## PROMPT
This calls for a verbatim copy of all the data, with no images carried over.

(RECORD EXTRACTS Opens)

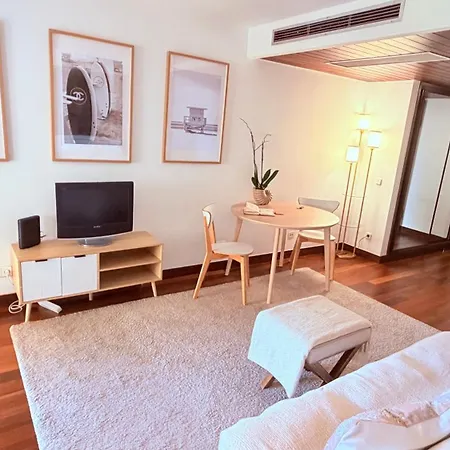 Ocean View One Bedroom With Garage And Swimming Pool In Costa Da Guia Appartamento *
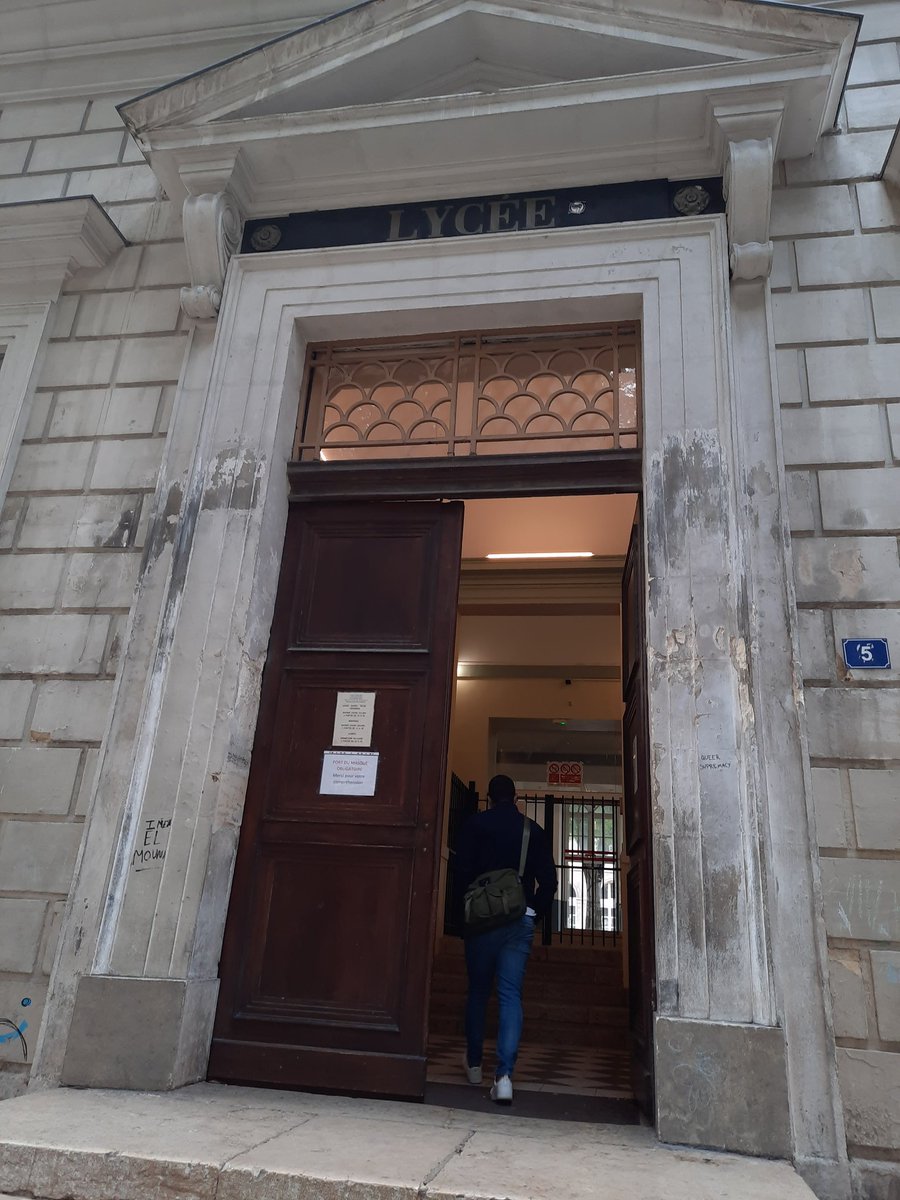 LeBras78173605's tweet photo. Les délégués de la @FSUregionSUD auprès du personnel du lycée thiers de la @MaRegionSud , celui-ci avait de nombreuses questions  sur les évaluations et le cia , la @FSUregionSUD a répondue aux attentes de celui-ci https://t.co/l5ZUBSggbb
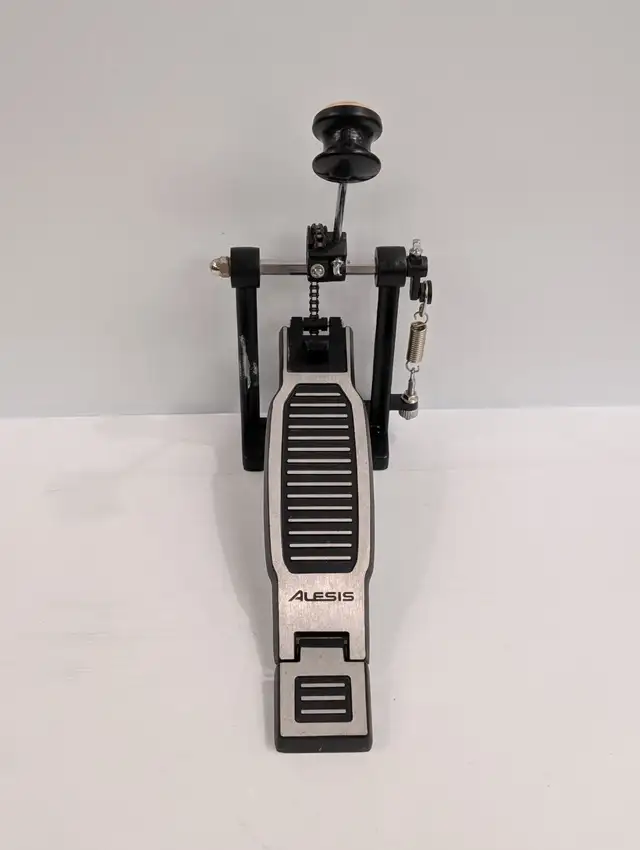 (B2044) Alesis Bass Drum Trigger Pedal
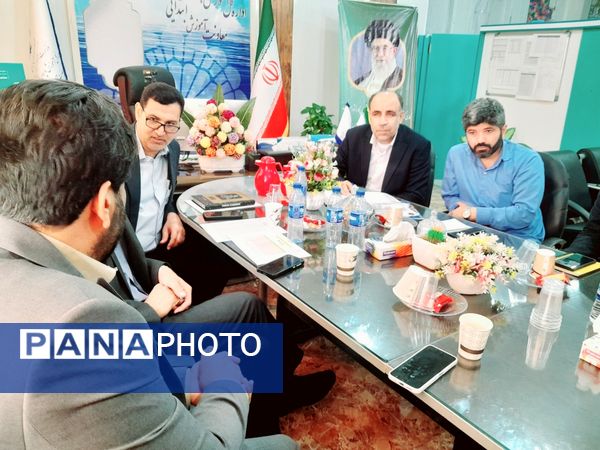 جلسه استانی دومین دوره مسابقه ملی دانش‌آموزان حافظ خوان ایران در بوشهر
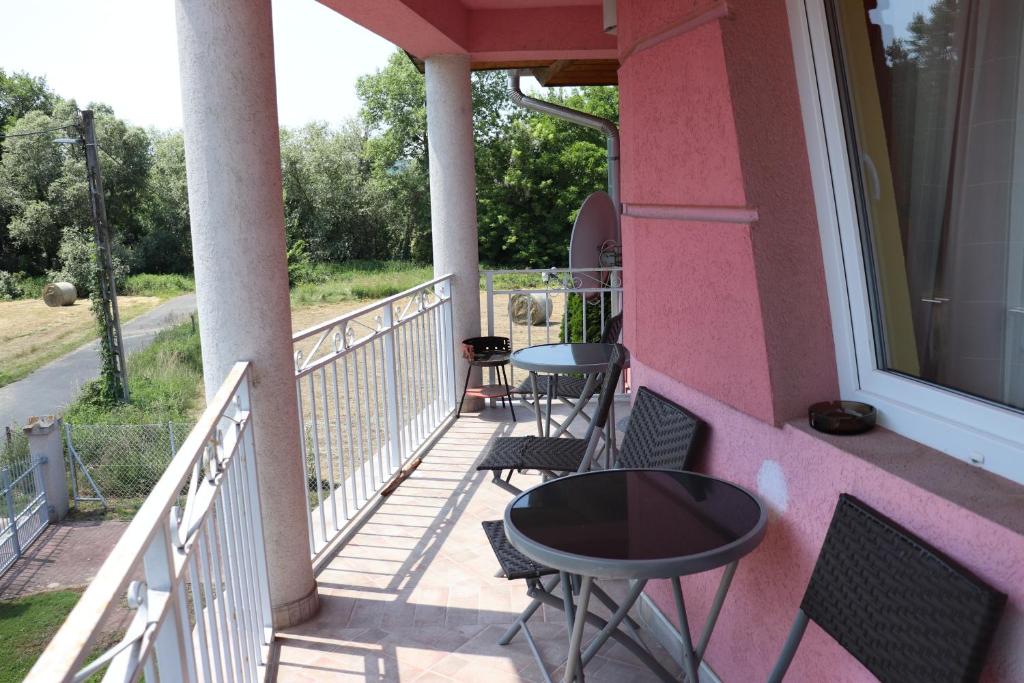 Fotografia z galérie ubytovania Liget Apartmanház v destinácii Kehidakustány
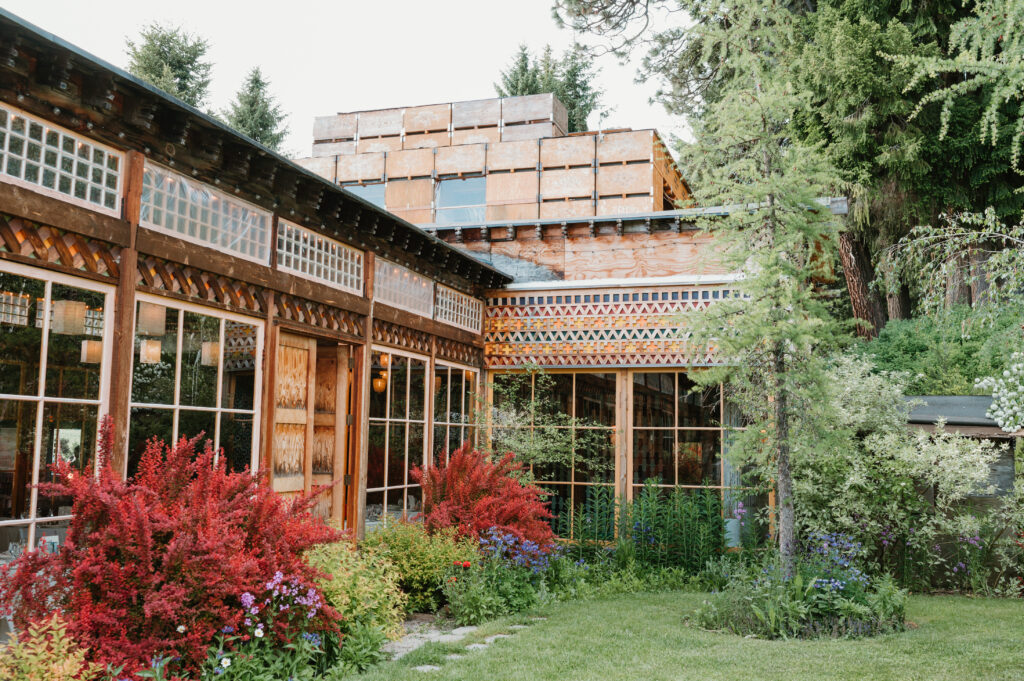 mt hood organic farms in hood river oregon wedding venue with gardens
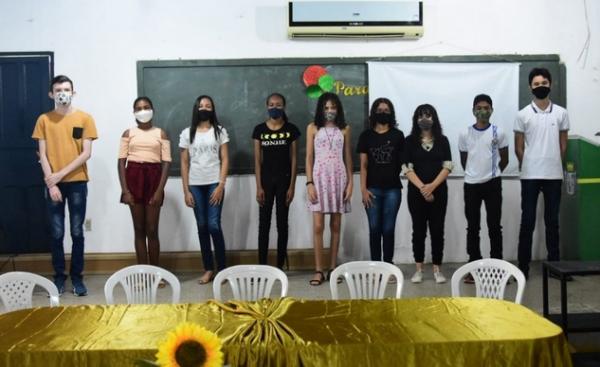 Alunos da Rede Municipal de Ensino de Floriano são premiados na OBMEP.(Imagem:Secom)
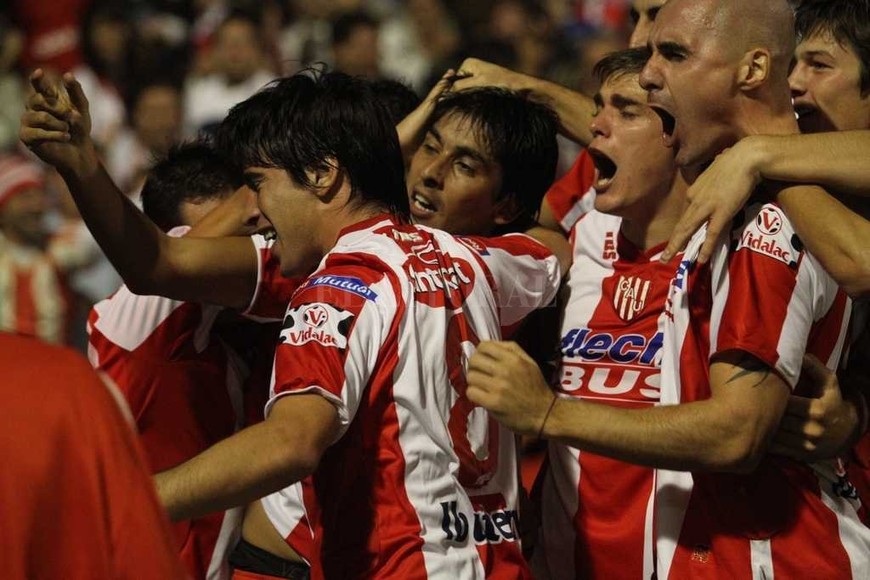 ELLITORAL_177820 |  Archivo El Litoral El ascenso de 2011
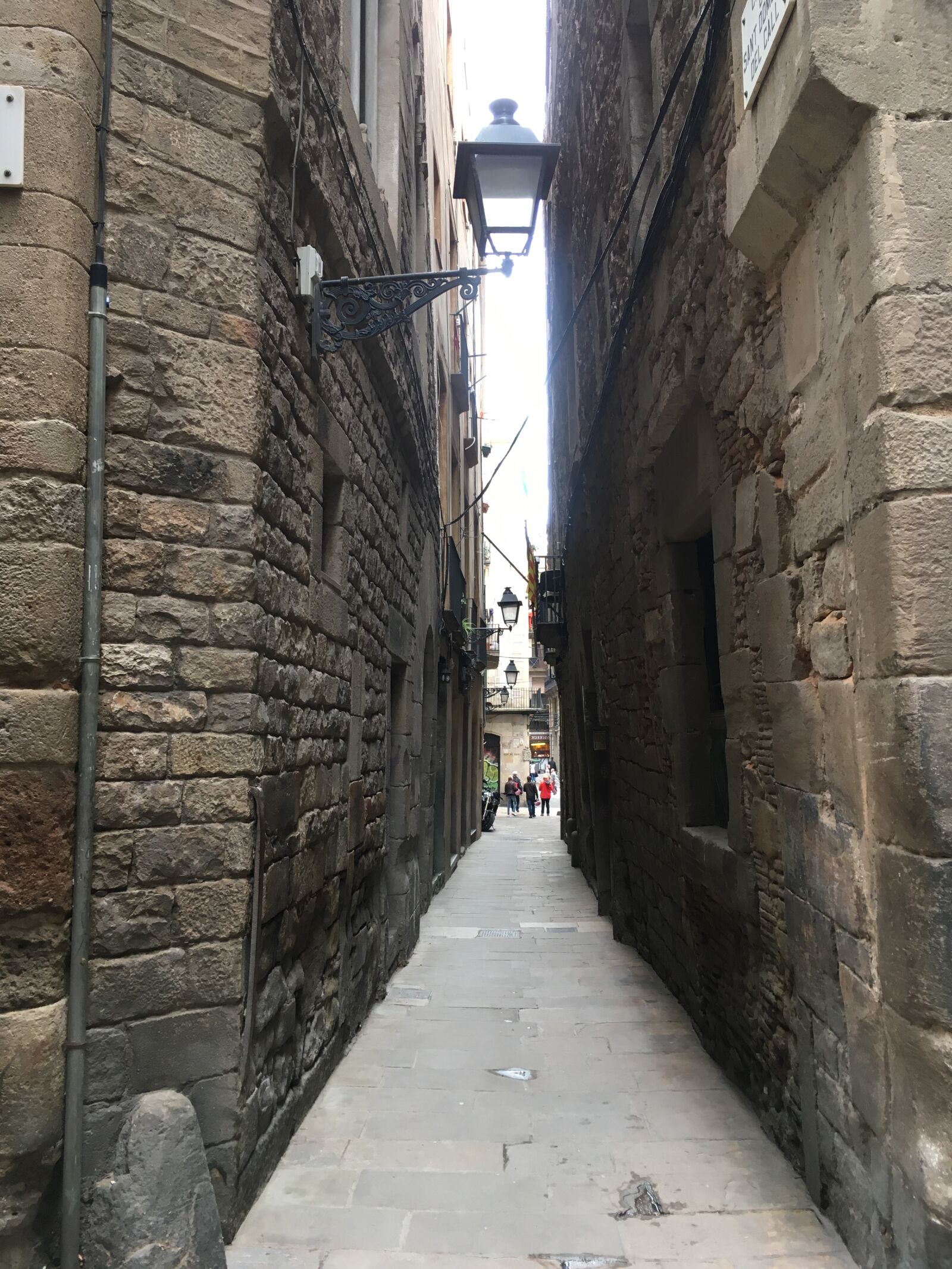 iPhone SE back camera 4.15mm f/2.2 sample photo. Barcelona, street, city photography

(RECORD EXTRACTS Closes)

## REPLY TO THE TASK
 Ocean View One Bedroom With Garage And Swimming Pool In Costa Da Guia Appartamento *
 LeBras78173605's tweet photo. Les délégués de la @FSUregionSUD auprès du personnel du lycée thiers de la @MaRegionSud , celui-ci avait de nombreuses questions  sur les évaluations et le cia , la @FSUregionSUD a répondue aux attentes de celui-ci https://t.co/l5ZUBSggbb
 (B2044) Alesis Bass Drum Trigger Pedal
 جلسه استانی دومین دوره مسابقه ملی دانش‌آموزان حافظ خوان ایران در بوشهر
 Fotografia z galérie ubytovania Liget Apartmanház v destinácii Kehidakustány
 mt hood organic farms in hood river oregon wedding venue with gardens
 Alunos da Rede Municipal de Ensino de Floriano são premiados na OBMEP.(Imagem:Secom)
 ELLITORAL_177820 |  Archivo El Litoral El ascenso de 2011
 iPhone SE back camera 4.15mm f/2.2 sample photo. Barcelona, street, city photography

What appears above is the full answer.